Criar a partir da ambiguidade

Henri Maldiney escreveu que «Nietzsche n’est créateur que dans l’ambigüité» (Nietzsche só é criador na ambiguidade), Art et existence, Klincksiek, 2003, p. 144.

A expressão é bela, mas perigosa. Perigosa porque é bela (o feio não queima, erige sempre uma distância protetora, no máximo irradia para dentro), acho que ainda não soubemos dizê-lo melhor fora da ideia de «femme fatal», mas agora há códigos de género que proíbem esta unilateralidade, e dizer «femme ou homme fatal» perde toda a graça. Portanto, a beleza de rotular Nietzsche como um criador amigo da ambiguidade abre para notas de rodapé analíticas que coloquem um espartilho no entusiasmo apolíneo (a embriaguez estética não é apenas dionisíaca), o guiem para a possibilidade do esclarecimento. Resumindo, por que razão Nietzsche só pode criar na ambiguidade?

A sua obra é, por um lado, um produto de uma certa perícia filológica, arte de desenterrar sentidos, ocupação típica de parte da academia germânica da segunda metade do séc. xix (a Alemanha, proto-Alemanha, buscava-se escavando o passado grego e romano, os estudos clássicos permitiam aceder às origens de uma Europa mais cosmopolita e estimulante do que a fragmentação quase arbitrária do feudalismo ou os impérios românticos francês e habsburguiano). Se é verdade que a sua filologia se desviou, quase desde o início, do verdadeiro do seu tempo; não é menos verdade que manteve uma arte da interpretação baseada no método filológico de atender cuidadosamente à intenção dos textos originais.

Por outro lado, contudo, a ambição de ser filósofo (uma ambição mas também um complexo), isto é, produtor de sentidos, fê-lo experimentar interpretações que devem ser validadas mais pelas repercussões do que pelas proveniências (filosofia contra filologia). Influenciado, também ele, pelos vitalismos grego e romano, Nietzsche interessar-se-á muito mais pelos efeitos existenciais (sim, um existencialismo, que preparou talvez melhor o de Jean-Paul Sartre do que o de Kierkegaard) do que por uma verdade fundada na adequação entre a realidade e o pensamento (simplifico: uma adaequation rei et intelectus). Querer viver múltiplas felicidades e infelicidades arruína as certezas.

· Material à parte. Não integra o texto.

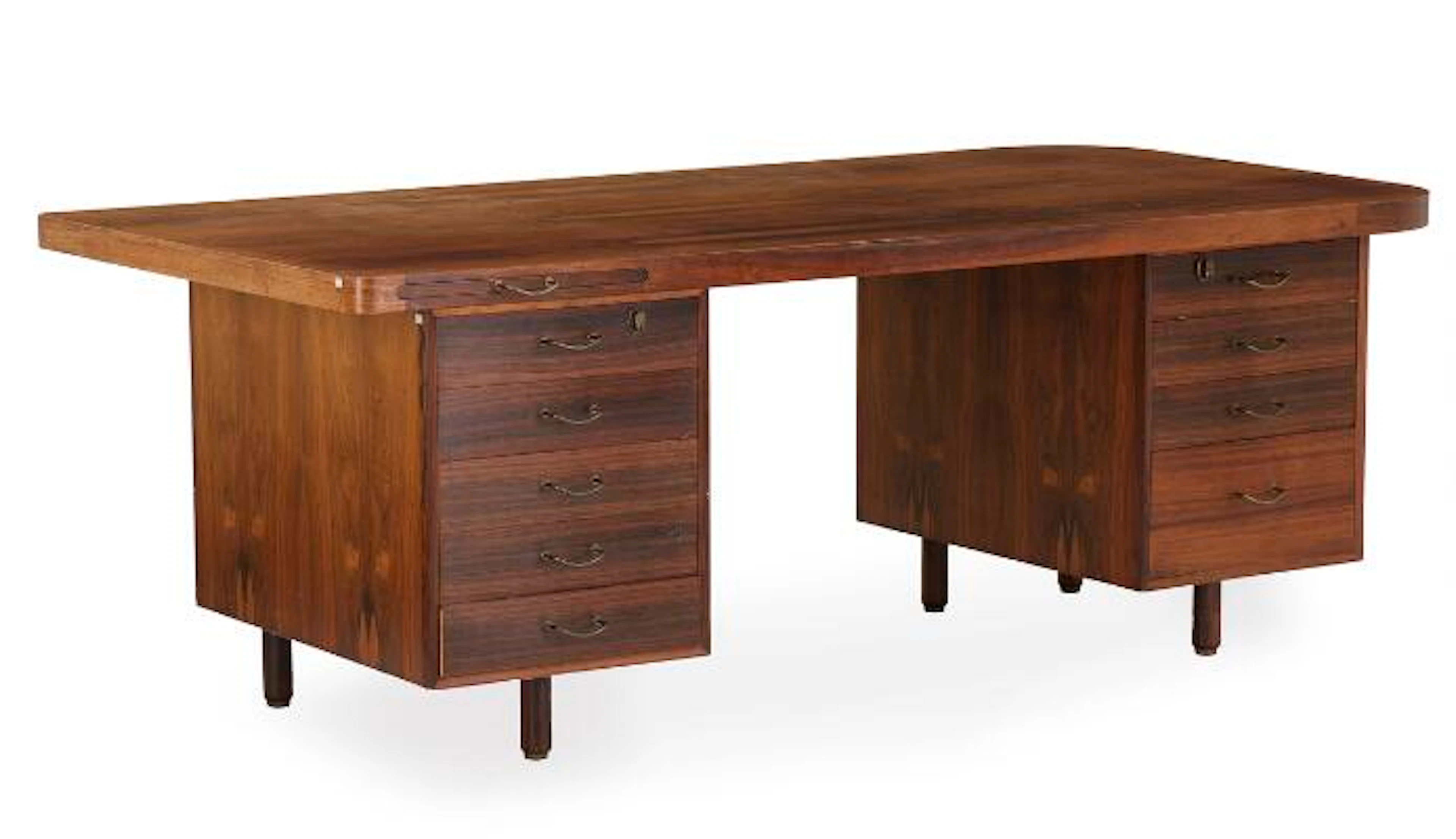 Danish cabinetmaker: Desk in rosewood. H. 73. L. 200. W. 100. – Bruun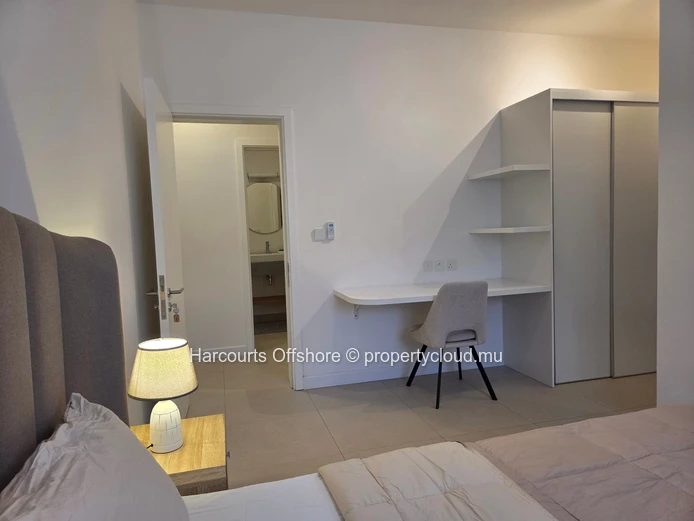 Charming fully furnished 3 bedroom apartment to let in Beau Plan Smart City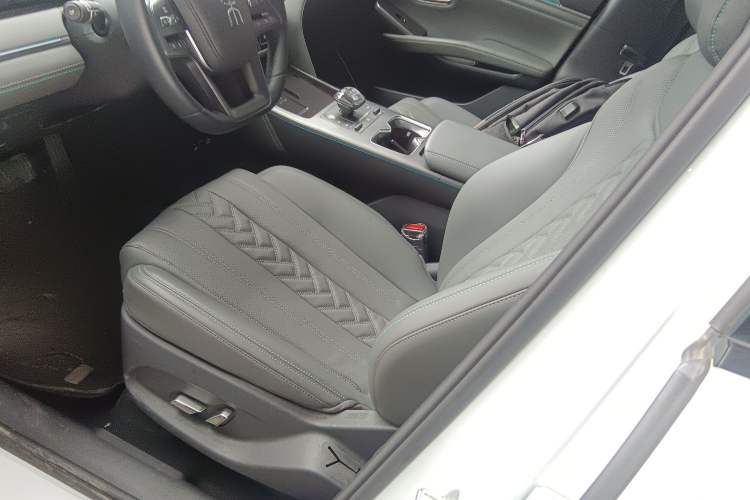 Used BYD Song L DM-i 2025 Intelligent Driving Version 160 km Beyond-Range Type
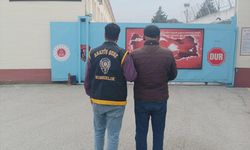 Cezaevinden izinli çıkmıştı... Hırsızlık yaparken yakalandı!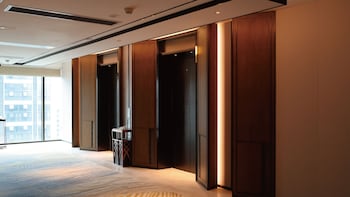 hualuxe guiyang financial city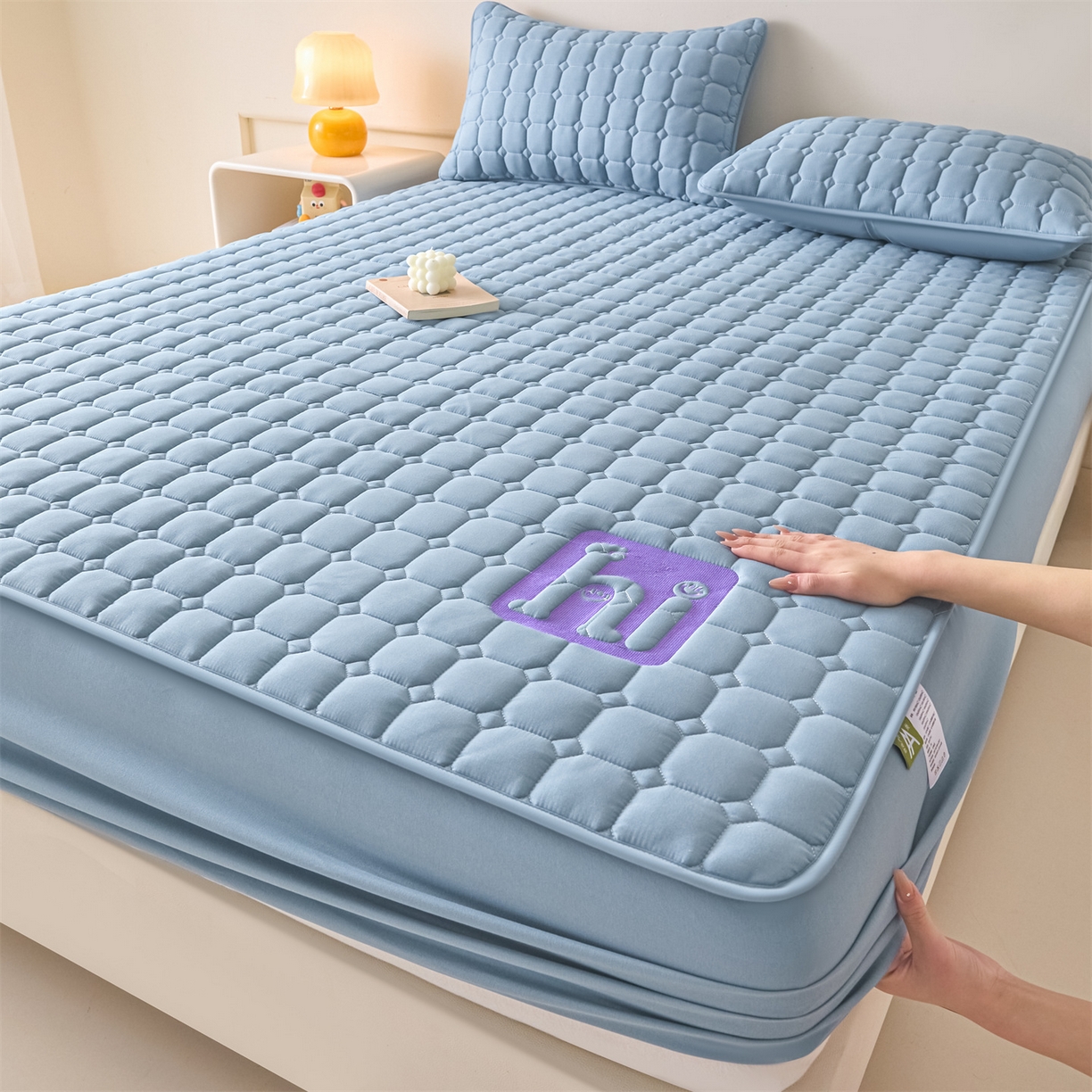 91家纺网 家纺一手货源 找家纺 居眠 2026新款A类棉花夹棉防水床笠-Hi smile Hi smile-蓝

E um produtor de sentidos ou dita e espalha dogmas, ou produz discursos ambíguos, cuja única arma está em cativar os leitores (pelo estilo e pelas imagens, mais do que pelos conceitos), porventura manipulá-los. Como na ficção, Nietzsche alia nos seus ensaios o que é dito e o que fica sugerido, à maneira do que escreveu certa vez Vitorino Nemésio: «o poeta afirma precisamente o que suspende na indeterminação do enigmático». E Nietzsche, não sendo um poeta acabado, continua a manter, sempre, uma parcela de enigmático em tudo o que escreve, mesmo nos textos que tradicionalmente a receção coloca mais perto do positivismo (Humano, Demasiado Humano e, talvez, Aurora ou parcelas de Para a Genealogia da Moral). Habitando, com a sua arte privada de interpretação, ao mesmo tempo o íntimo e o horizonte, tudo a partir do profundo conhecimento da respiração do seu tempo.

Por isso (podia dar outros exemplos), afirmou em Para lá Bem e Mal, §289:

«Não se escrevem livros, justamente, para ocultar aquilo que se encerra dentro de si? […] Cada filosofia é uma filosofia de fachada — eis a opinião de um eremita: “Há algo de arbitrário no facto de o filósofo ter parado aqui, de ter olhado para trás e à sua volta, de não ter cavado mais fundo e ter posto de lado a pá, — há nisso algo de que se deve desconfiar.” Toda a filosofia esconde também uma filosofia [Jede Philosophie verbirgt auch eine Philosophie]; cada opinião é também um esconderijo; cada palavra é também uma máscara.»